→ **Your task**: Only the lines from the one containing "LAER Sports, Aviator, Round" to the end of the listing below are wanted, repeated exactly.

→ **Source material**:
————————

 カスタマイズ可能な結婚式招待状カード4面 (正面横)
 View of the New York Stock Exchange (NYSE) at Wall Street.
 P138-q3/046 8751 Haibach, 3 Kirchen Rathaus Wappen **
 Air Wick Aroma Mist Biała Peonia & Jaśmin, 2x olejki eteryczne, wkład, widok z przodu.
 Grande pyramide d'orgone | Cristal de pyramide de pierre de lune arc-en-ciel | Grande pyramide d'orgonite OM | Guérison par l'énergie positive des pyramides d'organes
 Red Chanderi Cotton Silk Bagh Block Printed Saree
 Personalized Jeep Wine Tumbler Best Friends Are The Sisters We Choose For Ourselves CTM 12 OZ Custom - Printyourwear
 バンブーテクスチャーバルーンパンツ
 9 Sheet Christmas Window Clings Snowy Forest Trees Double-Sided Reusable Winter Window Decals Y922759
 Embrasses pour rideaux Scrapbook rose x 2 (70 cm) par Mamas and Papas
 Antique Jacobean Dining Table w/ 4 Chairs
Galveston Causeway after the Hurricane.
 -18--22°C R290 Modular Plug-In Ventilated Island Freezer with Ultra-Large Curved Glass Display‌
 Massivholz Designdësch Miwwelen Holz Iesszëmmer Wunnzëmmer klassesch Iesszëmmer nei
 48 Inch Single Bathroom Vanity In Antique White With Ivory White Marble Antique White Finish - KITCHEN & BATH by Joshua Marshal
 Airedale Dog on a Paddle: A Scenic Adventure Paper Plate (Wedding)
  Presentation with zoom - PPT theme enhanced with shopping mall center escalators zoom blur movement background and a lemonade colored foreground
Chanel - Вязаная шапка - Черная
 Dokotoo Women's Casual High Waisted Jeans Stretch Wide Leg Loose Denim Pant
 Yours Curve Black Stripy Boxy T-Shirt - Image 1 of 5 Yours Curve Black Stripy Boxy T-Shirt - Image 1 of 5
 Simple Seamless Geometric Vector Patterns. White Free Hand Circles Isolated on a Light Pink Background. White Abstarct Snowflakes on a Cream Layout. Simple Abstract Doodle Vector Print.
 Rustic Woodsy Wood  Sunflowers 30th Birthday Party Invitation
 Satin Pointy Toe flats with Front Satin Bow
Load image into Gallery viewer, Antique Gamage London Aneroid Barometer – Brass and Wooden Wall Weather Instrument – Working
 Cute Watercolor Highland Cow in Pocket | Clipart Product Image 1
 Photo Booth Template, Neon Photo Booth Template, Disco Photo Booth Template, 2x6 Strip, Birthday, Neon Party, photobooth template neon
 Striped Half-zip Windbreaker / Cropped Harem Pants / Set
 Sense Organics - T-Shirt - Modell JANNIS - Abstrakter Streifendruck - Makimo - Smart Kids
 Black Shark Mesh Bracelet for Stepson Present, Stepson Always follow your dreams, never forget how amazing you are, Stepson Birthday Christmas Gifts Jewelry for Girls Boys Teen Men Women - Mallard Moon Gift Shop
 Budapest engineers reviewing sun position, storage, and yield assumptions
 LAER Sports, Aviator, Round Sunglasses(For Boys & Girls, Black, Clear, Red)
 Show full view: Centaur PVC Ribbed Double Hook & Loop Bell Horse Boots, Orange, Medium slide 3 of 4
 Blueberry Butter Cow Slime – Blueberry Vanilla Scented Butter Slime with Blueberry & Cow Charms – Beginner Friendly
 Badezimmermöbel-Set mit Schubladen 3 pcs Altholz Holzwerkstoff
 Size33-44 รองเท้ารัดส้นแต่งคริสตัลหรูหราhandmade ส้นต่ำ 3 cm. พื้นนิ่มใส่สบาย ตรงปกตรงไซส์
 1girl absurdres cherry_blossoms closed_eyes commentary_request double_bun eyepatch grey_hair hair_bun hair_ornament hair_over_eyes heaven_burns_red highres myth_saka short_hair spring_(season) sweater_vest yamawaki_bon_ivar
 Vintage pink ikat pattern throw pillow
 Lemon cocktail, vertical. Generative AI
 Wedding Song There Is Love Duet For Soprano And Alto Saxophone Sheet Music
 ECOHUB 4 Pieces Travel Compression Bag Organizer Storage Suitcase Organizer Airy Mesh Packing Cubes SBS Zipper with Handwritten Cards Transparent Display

————————

→ **Answer to this task**:
 LAER Sports, Aviator, Round Sunglasses(For Boys & Girls, Black, Clear, Red)
 Show full view: Centaur PVC Ribbed Double Hook & Loop Bell Horse Boots, Orange, Medium slide 3 of 4
 Blueberry Butter Cow Slime – Blueberry Vanilla Scented Butter Slime with Blueberry & Cow Charms – Beginner Friendly
 Badezimmermöbel-Set mit Schubladen 3 pcs Altholz Holzwerkstoff
 Size33-44 รองเท้ารัดส้นแต่งคริสตัลหรูหราhandmade ส้นต่ำ 3 cm. พื้นนิ่มใส่สบาย ตรงปกตรงไซส์
 1girl absurdres cherry_blossoms closed_eyes commentary_request double_bun eyepatch grey_hair hair_bun hair_ornament hair_over_eyes heaven_burns_red highres myth_saka short_hair spring_(season) sweater_vest yamawaki_bon_ivar
 Vintage pink ikat pattern throw pillow
 Lemon cocktail, vertical. Generative AI
 Wedding Song There Is Love Duet For Soprano And Alto Saxophone Sheet Music
 ECOHUB 4 Pieces Travel Compression Bag Organizer Storage Suitcase Organizer Airy Mesh Packing Cubes SBS Zipper with Handwritten Cards Transparent Display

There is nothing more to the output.